Vítor Serrão referia-se, em concreto, à recente alienação, por parte da autarquia, da chamada ‘Casa do Relejoeiro’, junto à Torre das Cabaças, para onde esteve prevista a segunda fase do Museu do Tempo.

“Estamos no pulmão histórico indiscutível. Creio que é uma forma de esbulho do património urbano, que é de todos, feita de maneira pouco clara porque não é justificado qual é o fim. Fico preocupado com esta notícia. Penso que é mais uma perda”, declarou, mostrando-se, contudo, confiante naquilo a que designou de “renascimento da frente patrimonialista”.

“Creio que, hoje, está a surgir uma nova consciência nas pessoas, depois de um período de algum descuido e abandono, de deixar cair a toalha, o que gerou muitos crimes sobre o património”, afirmou, concluindo: “o património comum une passado, presente e futuro numa intimidade de interstícios, pelo que a reabilitação dos lugares históricos só pode mesmo ser cruzada com o sentido da sua dignificação plena. Exige-se perspectiva responsável e aberta, que só faz sentido se Património, Herança e Memória caminharem de mãos dadas. É preciso que a lucidez faça doutrina, inflectindo o processo que ameaça com destruições”.

Vítor Serrão nasceu em Toulouse (França) em Dezembro de 1952. É uma referência no campo da História da Arte em Portugal. Doutorado pela Universidade de Coimbra, é professor Catedrático da Faculdade de Letras da Universidade de Lisboa e coordenador do Instituto de História da Arte e da sua Revista Artis. Especializou-se no estudo da pintura portuguesa renascentista, maneirista e barroca, bem como em Teoria da Arte e no campo da salvaguarda do Património.

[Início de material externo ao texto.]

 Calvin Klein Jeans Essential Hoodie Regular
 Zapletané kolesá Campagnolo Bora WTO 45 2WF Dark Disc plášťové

É autor de uma numerosa bibliografia nestes domínios. É também membro da Direcção-Geral dos Edifícios e Monumentos Nacionais e do Conselho Redatorial do Archivo Español de Arte. No âmbito da sua obra recebeu o Prémio Nacional José de Figueiredo da Academia Nacional de Belas-Artes pelo livro “O Maneirismo e o Estatuto Social dos Pintores Portugueses”, o Prémio APOM pelo melhor catálogo de 1995, com a publicação “A Pintura Maneirista em Portugal – arte no tempo de Camões”, e o Prémio Nacional Gulbenkian de História de Arte pela obra “Josefa de Óbidos e o Tempo Barroco”.

Tem-se dedicado, como historiador de arte, a estudos de temas da Idade Moderna, redignificando o património artístico português e o campo teórico e metodológico da disciplina na análise da produção a partir de visões globalizantes, atento às mecânicas do mecenato, ao estatuto social dos artistas e aos programas iconológicos dos conjuntos e obras. Especial interesse tem manifestado por “períodos escuros” da arte portuguesa, como sejam o Maneirismo e o Proto-Barroco, a que dedicou longas pesquisas.